Stephen Withers
Friday, 22 May 2009 11:49
Opinion and Analysis
Page 2 of 2
"The volunteers who work on Wikimedia projects have very strongly supported making their contributions available under the Creative Commons Attribution/Share-Alike License (CC-BY-SA) in addition to the GNU Free Documentation License (GFDL)," said board chair, Michael Snow.
"Updating our license terms will support Wikimedia's charitable mission, by making our projects legally compatible with others that have chosen the CC-BY-SA license. Our free information and educational content can be shared more readily and will be easier for everyone to use," he added.
The dual licensing system will mean that in most cases people will be able to choose between the GFDL and CC-BY-SA when reusing Wikimedia content.
The exception will that the GFDL will be dropped from content objects where this is necessary to support remixing it with existing CC-BY-SA content, Wikimedia officials explained.

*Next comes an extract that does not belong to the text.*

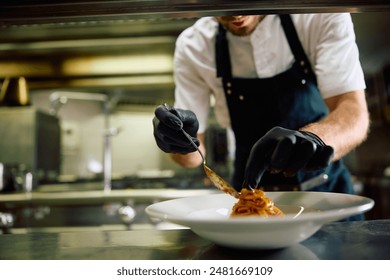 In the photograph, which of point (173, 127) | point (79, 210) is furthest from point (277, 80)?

Lawrence Lessig - the founder of Creative Commons, a free culture activist, and a law professor - said "Richard Stallman's commitment to the cause of free culture has been an inspiration to us all. Assuring the interoperability of free culture is a critical step towards making this freedom work. The Wikipedia community is to be congratulated for its decision, and the Free Software Foundation thanked for its help. I am enormously happy about this decision."
One question left unaddressed is whether the 17,000 or so people that participated in the ballot can be held to speak for everyone that has ever contributed to Wikipedia or one of the other projects.
To those who have ever provided or corrected Wikipedia content: did you even know about the ballot?
At least the two licences have similar intentions. That makes the situation very different from CDDB, where many people contributed to what they thought was a community project to provide automatic track and album naming for CDs, only to have their work appropriated when it turned into the commercial Gracenote operation.